The shader takes two input textures:

  • Depth texture
  • Background texture

The content of these textures will simply be copied over to the colour render target and depth render target.

When the render pipeline starts rendering the other dynamic geometry, it will already have a colour and depth buffer with the background inside it.

This is the result:

Extra notes about implementation

When pre-rendering the background you want to disable all the dynamic geometry to make sure it’s not included in the pre-rendered textures. And at runtime (when using the pre-rendered textures) you want to disable the background geometry. To make this automatic, I put all static background geometry under one GameObject with a “PreRenderedGeometry” tag, and all the dynamic geometry under another GameObject tagged as “DynamicGeometry”. In the PreRenderingCamera script I find all objects with these tags and automatically enable/disable them.

Limitations and issues

An obvious limitation is that the camera cannot move. You can get around this by pre-rendering a much larger background than the in-game camera’s resolution, and moving the camera perpendicularly to it.

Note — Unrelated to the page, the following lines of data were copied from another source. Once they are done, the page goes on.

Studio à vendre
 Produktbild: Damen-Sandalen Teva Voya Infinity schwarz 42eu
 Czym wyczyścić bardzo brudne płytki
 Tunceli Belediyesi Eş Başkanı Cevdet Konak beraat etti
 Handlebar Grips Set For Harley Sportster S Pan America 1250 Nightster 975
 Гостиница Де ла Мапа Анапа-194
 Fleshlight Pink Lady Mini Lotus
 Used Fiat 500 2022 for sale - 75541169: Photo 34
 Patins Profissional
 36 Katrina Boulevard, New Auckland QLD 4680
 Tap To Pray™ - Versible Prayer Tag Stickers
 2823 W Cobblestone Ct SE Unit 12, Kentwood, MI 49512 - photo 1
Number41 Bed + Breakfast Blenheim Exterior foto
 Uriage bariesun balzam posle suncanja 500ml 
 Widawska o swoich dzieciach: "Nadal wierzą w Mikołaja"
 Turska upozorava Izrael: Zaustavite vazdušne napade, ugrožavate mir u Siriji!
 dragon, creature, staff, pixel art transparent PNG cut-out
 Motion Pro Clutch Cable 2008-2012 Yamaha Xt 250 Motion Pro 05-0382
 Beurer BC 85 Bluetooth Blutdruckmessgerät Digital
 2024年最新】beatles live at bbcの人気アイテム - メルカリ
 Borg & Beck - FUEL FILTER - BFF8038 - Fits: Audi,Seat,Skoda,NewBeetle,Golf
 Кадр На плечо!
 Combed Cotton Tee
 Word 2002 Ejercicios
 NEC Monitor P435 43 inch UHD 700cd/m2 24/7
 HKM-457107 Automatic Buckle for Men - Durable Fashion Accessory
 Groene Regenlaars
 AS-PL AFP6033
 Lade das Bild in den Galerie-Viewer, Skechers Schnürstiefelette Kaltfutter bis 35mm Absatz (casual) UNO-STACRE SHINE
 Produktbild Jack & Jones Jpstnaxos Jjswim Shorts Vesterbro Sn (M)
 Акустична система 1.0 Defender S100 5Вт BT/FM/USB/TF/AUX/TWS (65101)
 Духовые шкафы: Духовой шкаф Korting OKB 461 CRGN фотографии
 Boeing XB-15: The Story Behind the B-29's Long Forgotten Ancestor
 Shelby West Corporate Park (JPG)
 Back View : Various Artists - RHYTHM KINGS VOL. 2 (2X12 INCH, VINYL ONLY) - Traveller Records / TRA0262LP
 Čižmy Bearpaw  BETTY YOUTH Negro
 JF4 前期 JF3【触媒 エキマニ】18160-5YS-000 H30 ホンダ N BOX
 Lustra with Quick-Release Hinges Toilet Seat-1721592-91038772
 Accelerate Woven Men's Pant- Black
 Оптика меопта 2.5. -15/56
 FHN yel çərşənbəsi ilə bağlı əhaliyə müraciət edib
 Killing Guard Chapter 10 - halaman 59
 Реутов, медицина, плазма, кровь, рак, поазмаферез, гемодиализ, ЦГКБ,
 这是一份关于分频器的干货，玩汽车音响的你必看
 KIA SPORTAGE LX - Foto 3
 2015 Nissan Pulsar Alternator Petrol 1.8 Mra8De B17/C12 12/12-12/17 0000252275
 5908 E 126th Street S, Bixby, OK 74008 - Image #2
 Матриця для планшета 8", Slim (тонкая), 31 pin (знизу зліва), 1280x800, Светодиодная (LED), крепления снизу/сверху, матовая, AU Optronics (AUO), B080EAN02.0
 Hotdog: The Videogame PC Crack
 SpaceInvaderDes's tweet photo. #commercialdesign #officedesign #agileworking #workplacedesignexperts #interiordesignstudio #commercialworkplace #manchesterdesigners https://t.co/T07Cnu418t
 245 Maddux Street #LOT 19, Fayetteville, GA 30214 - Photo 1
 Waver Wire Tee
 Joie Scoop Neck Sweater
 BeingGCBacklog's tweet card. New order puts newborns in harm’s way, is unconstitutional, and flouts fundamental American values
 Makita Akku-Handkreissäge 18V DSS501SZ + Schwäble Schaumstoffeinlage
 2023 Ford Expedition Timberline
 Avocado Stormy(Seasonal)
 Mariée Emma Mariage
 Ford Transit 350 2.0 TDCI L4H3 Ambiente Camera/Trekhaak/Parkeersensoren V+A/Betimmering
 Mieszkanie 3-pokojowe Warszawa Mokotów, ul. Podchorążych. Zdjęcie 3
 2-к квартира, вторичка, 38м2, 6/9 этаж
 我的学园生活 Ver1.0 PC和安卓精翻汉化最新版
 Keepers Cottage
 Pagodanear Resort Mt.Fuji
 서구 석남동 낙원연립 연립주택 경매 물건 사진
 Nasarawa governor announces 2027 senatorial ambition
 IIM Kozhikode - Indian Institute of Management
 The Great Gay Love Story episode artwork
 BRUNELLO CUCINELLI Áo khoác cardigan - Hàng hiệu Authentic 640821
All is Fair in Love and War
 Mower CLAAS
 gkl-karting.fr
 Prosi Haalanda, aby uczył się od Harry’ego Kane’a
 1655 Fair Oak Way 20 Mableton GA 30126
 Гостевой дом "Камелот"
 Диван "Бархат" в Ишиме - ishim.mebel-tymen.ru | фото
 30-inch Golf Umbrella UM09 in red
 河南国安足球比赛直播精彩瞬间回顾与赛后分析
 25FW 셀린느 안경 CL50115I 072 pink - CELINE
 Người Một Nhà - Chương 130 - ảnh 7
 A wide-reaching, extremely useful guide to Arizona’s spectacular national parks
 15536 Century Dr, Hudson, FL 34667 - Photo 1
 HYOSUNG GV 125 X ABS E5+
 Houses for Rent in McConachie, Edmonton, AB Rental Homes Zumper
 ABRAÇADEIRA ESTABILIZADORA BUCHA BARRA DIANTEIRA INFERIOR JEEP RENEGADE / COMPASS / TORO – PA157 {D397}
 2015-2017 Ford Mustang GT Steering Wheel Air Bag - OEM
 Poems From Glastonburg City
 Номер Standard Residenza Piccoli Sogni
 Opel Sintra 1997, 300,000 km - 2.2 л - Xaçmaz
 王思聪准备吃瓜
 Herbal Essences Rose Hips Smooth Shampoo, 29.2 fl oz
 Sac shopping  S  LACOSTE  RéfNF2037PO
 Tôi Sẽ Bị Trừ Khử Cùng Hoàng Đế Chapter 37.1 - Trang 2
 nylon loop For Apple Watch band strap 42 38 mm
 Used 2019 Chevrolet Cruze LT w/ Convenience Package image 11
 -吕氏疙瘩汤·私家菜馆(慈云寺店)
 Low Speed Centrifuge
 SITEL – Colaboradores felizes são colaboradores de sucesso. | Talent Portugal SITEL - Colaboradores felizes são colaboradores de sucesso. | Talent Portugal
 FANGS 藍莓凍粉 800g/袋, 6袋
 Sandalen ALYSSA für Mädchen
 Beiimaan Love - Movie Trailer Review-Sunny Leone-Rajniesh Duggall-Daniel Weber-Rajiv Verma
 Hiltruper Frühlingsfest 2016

Another issue I noticed when doing pre-rendering this way in Unity is that any objects rendered after the BlitPass gets an extremely bright specular lighting (and an insane bloom, if that’s enabled). I’m not yet sure what causes this, but the issue can be hidden by disabling auto-exposure. I have added a Volume component to the pre-rendering camera object, that overrides the global Exposure setting by disabling it.

If you’re planning to make a large game in Unity with pre-rendered backgrounds, you might be better off creating a custom render pipeline for that. If what you’re aiming for is simple retro graphics, then it should not be that hard to use Unity’s scriptable render pipeline system to build your own.